Арест императора и императрицы. — Роковое влияние императрицы. — Характер и воспитание императора. — Обзор его царствования. — Его фатализм и твердая вера в промысел божий

Императора, возвратившегося после отречения в бывшую свою ставку в Могилеве, теперь титуловали «полковником Романовым», соответственно его официальному чину в армии. 22 марта он был доставлен в Царское, где он и императрица были заключены под арест. Когда весть о его отречении впервые достигла дворца, императрица отказалась ей верить и была совершенно ошеломлена, когда великий князь Павел Александрович сказал ей, что это совершившийся факт. Но когда первое оцепенение прошло, то она выказала удивительное достоинство и мужество. «Я теперь только сестра милосердия», сказала она, и однажды, когда, как казалось, грозило произойти столкновение между восставшими войсками и дворцовой стражей, она вышла вместе с одной из дочерей и умоляла офицеров притти к соглашению с первыми во избежание кровопролития. Все ее дети находились в постели, будучи больны корью, которая у цесаревича и великой княгини Марии приняла довольно серьезный оборот, так что все ее время уходило на то, что от одного больного она переходила к другому.

Хотя во время своего пребывания в Царском их величества постоянно находились под стражей и не могли даже гулять в дворцовом саду, не привлекая к себе любопытных взоров кучки зевак, глазевших на них через решотку парка, однако они не могли пожаловаться на дурное обращение. Керенский принял специальные меры к их охране, так как одно время крайние, требовавшие наказания [214] для царя и царицы, угрожали схватить их и заключить в крепость. В первой своей речи, произнесенной в Москве, Керенский заявил, что он не позволит больше проливать крови, и что он не собирается стать Маратом русской революции. Один из мотивов, по которым он добивался отмены смертной казни, заключался в желании предупредить возможное в будущем требование казни над императором. Перевод их величеств в Тобольск в августе также был вызван главным образом желанием спасти их от опасностей, которым они подвергались бы в случае успеха большевистского восстания; и едва ли можно сомневаться, что, останься они в Царском, они не надолго пережили бы Октябрьскую революцию. Их дети, которым было предложено на выбор либо поселиться с императрицей Марией в Крыму, либо сопровождать своих родителей в Тобольск, избрали последнее, хотя и были предупреждены, что будут подвергнуты тому же режиму, как и император и императрица.
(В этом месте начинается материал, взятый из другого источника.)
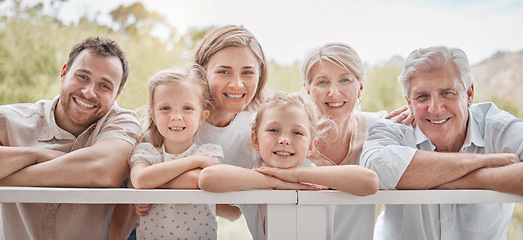 Image showing Happy family, portrait and outdoor for bonding together, parents and kids with pov, summer and face. Holiday, love and grandparents with smile, childhood memories and cheerful for vacation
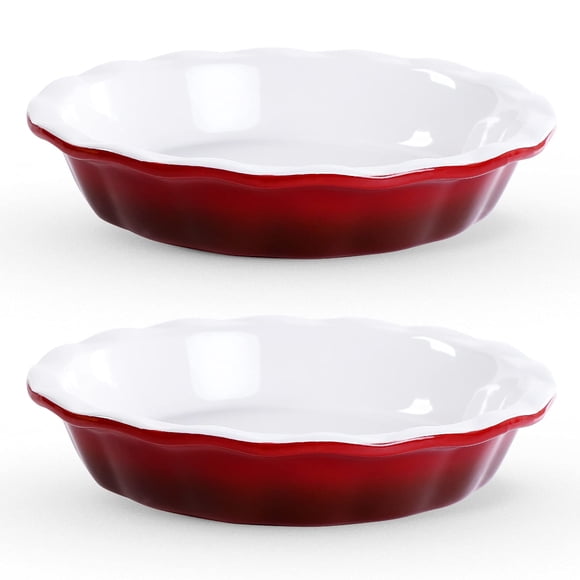 Moules à Tarte pour la Cuisson, Lareina Plat à Tarte en Céramique de 9 Pouces de Profondeur avec Bord Ondulé pour Tarte aux Pommes, Tarte aux Pacanes, Tarte Casserole à Poulet, Assiette à Tarte Colorée et Durable, Ensemble de 2, Rouge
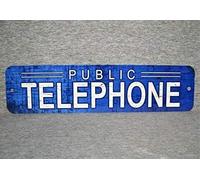 TammieLove Cartel de metal con diseño de cabina de teléfono con texto en inglés "Telephone Public Pay", réplica de cabina de teléfono, color azul, aspecto envejecido, 4 x 16 pulgadas, Tinsign4x16a8592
В конце сентября я имел беседу с правительственным комиссаром, сопровождавшим императорскую фамилию в Тобольск; эту беседу я изложил в следующем письме к лорду Стемфордгему:

«Макаров, принадлежащий к умеренным социалистам, говорил об императоре очень добродушно и, повидимому, сделал все, что мог, чтобы пойти навстречу желаниям его величества. Он говорил, что наблюдать отъезд из Царского было очень мучительно, потому что почти все члены императорской семьи были в слезах, но что, за исключением императрицы, к ним скоро возвратилось хорошее настроение, и через час они уже болтали и смеялись. Путешествие по железной дороге продолжалось три или четыре дня, и поезд ежедневно останавливался на час, чтобы дать возможность императору и детям погулять. Путешествие на пароходе заняло еще четыре дня. Но так как в доме, отведенном для них в Тобольске, необходимо было произвести некоторый ремонт, то император с семьей оставались на пароходе еще в течение нескольких дней. Макаров соглашался с тем, что дом этот не был обширен, особенно в глазах тех, кто привык жить в дворцах, и что он не был обставлен с роскошью. Поэтому он постарался несколько загладить этот недостаток, захватив ковры, фамильные картины, вино и т. д. из царскосельского дворца. Самое худшее было то, что дом этот был расположен [215] в низменной части города и потому был сыроват, и что при нем был лишь небольшой сад. Однако как раз против него находился довольно большой парк, где членам императорской семьи было разрешено гулять. Им было разрешено также присутствовать на богослужении в церкви, вместо того, чтобы устраивать его дома, как это бывало сначала. Императору было также разрешено охотиться, когда он того желал.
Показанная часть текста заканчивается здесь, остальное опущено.